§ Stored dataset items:
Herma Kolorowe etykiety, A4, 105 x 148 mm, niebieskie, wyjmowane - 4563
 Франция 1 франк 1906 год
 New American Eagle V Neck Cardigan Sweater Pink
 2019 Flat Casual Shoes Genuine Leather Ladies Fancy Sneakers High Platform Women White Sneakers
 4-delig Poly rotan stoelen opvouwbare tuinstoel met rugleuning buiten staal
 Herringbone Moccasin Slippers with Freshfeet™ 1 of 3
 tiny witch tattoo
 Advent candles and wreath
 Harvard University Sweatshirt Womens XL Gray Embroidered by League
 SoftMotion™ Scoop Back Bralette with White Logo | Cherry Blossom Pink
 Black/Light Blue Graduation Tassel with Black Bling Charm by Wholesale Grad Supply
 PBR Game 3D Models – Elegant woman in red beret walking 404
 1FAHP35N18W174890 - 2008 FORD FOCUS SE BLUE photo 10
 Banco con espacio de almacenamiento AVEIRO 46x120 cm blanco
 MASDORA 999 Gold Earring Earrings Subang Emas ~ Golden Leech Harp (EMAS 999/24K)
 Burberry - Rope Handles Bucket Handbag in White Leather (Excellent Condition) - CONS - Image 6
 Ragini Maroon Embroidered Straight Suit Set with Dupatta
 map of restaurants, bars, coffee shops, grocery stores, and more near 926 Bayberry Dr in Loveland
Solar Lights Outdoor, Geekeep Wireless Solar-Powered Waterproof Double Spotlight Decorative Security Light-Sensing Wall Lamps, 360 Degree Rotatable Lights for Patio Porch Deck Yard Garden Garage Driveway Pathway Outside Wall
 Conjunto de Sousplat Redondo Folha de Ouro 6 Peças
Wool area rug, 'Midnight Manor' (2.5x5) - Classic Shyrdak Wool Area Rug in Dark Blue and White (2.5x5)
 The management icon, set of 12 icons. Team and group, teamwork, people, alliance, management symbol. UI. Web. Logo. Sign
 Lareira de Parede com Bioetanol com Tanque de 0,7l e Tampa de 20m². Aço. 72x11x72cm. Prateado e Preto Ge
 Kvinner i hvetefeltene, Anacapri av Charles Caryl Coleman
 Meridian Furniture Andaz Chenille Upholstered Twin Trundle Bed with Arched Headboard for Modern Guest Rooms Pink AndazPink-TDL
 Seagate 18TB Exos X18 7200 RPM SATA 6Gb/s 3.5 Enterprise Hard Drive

§ Your assignment:
For the word "White", return every line of the records that holds it.

§ Solved problem:
 2019 Flat Casual Shoes Genuine Leather Ladies Fancy Sneakers High Platform Women White Sneakers
 SoftMotion™ Scoop Back Bralette with White Logo | Cherry Blossom Pink
 Burberry - Rope Handles Bucket Handbag in White Leather (Excellent Condition) - CONS - Image 6
Wool area rug, 'Midnight Manor' (2.5x5) - Classic Shyrdak Wool Area Rug in Dark Blue and White (2.5x5)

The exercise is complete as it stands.